The latest motion to disqualify me raises again the same argument that I should disqualify myself because the identify of the Plaintiff (as a complainant) was disclosed to Chief Judge Rodgers. In addition, Plaintiff now alleges that I should also disqualify myself because I participated as a keynote speaker and as a panelist in an educational program held at the University of Florida.
As to the allegation that because Plaintiff's identity as a complainant was disclosed I should disqualify myself, I have addressed this issue and rejected it twice. There is nothing in the letter attached to the motion that requires disqualification or that changes my previous orders denying Plaintiff's motion to disqualify me.
As to Plaintiff's argument that I should recuse myself because I participated in an educational seminar conducted at the University of Florida, this is not a sufficient reason for a judge to recuse himself or herself nor is there a reasoned or sound legal argument to suggest that such activities support recusal.
As the brochures — attached to Plaintiff's motion — disclose, in 2013 I was the keynote speaker and a panelist in a conference held at the University of Florida Levin College of Law, which addressed electronic discovery issues for the small and medium cases. As evidenced in the attachments to Plaintiff's motion the Conference was underwritten by the International Center for Automated Research at the University of Florida Levin College of Law as part of its public mission. I was on the steering committee that organized the conference. The steering committee consisted of me, a retired Florida judge, two private attorneys and two experts in the technology of e-discovery. I served on a panel concerning the new rules on e-discovery and I gave the keynote speech at the luncheon on the issue of proportionality in conducting e-discovery.
Further, as disclosed in the attachments to Plaintiff's motion, I served on the steering committee again in 2014 for the e-discovery conference at the University of Florida Levin College of Law, this time participating as a panelist with a lawyer and a technology expert discussing the use of software to locate electronically stored documents and using the software to assist counsel in developing a theme to a case.

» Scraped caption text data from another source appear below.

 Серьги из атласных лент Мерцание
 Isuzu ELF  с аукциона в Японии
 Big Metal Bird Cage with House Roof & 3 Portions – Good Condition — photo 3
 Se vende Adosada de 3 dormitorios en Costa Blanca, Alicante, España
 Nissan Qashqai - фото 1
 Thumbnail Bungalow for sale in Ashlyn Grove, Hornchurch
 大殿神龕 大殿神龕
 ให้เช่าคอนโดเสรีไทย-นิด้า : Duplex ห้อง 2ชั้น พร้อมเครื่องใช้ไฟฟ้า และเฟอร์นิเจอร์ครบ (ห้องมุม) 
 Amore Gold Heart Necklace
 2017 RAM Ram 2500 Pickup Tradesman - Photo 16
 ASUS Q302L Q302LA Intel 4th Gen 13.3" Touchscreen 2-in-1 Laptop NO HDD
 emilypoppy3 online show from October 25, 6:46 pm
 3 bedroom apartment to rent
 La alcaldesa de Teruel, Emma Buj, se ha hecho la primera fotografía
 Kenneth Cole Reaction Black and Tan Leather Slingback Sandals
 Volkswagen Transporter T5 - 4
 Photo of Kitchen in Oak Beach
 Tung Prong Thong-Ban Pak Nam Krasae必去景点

According to Plaintiff, my participation in these educational conferences violates Canon 2 of the Code of Conduct for United State Judges because my participation in the educational conferences creates an appearance of impropriety. While Plaintiff points to the fact that the Conference was held at the University of Florida Levin College of Law and the fact that the brochure of the presenters lists Dean Jerry as one of the presenters, Plaintiff fails to mention that the website materials do not include Dean Jerry as a panelist at either the 2013 or the 2014 Conference and only list him as a "presenter" during the introduction at the 2013 Conference. Dean Jerry is not included as a panelist or on the agenda for the 2014 Conference because the materials disclose that he did not participate in any way.
Thus, in a nutshell Plaintiff's argument that I should disqualify myself is based upon the fact that the CLE educational conference in which I spoke as a panelist was located at the University of Florida and because Dean Jerry, a defendant in this case, is listed as a presenter. The agenda, however, attached to Plaintiff's motion discloses only that Dean Jerry welcomed the attendees at the beginning of the program in 2013 and not during the program in 2014. Further, Dean Jerry is not listed as a panelist on the agenda for either the 2013 or 2014 program and there is no suggestion that I served with Dean Jerry on any panel or served with him as part of my participation on the steering committee for the conferences. Simply put, Plaintiff's argument that I should disqualify myself because of an appearance of impropriety is based upon nothing more than my presence in the lecture hall during Dean Jerry's 15 minute welcome to the attendees of the Conference in 2013, my photograph appearing in a website brochure with the photographs of twenty other individuals, one of whom is Dean Jerry, and because the CLE program was held at the University of Florida Levin College of Law. These facts do not require disqualification because a reasonable person knowing all the facts would not think that the judge's impartiality might reasonably be questioned because the judge participated in a CLE seminar dealing with a particular topic. See, e.g. United States v Pitera, 5 F.3d 624, 626-27 (2d Cir. 1992)(denial of motion to disqualify affirmed where judge gave lecture to Organized Crime Drug Enforcement Task Force); Metropolitan Opera Ass'n, Inc. v. Local 100, Hotel Employees and Restaurant Employees, 332 F.Supp.2d 667 (S.D. N.Y. 2004)(motion to disqualify denied based upon presentation by district judge at BNA seminar dealing with electronic records in discovery); McBeth v. Nissan Motor Corp, U.S.A., 921 F.Supp. 1473 (D.S.C. 1996)(recusal motion filed by car manufacturer denied where district judge gave speech at Auto Torts Seminar); and Jacobson v Petterson, No. C06-1117 MJP, 2006 WL 3692622 (W.D. Wash. Dec. 12, 2006)(Motion for recusal denied where motion based upon statement made by district judge at CLE seminar).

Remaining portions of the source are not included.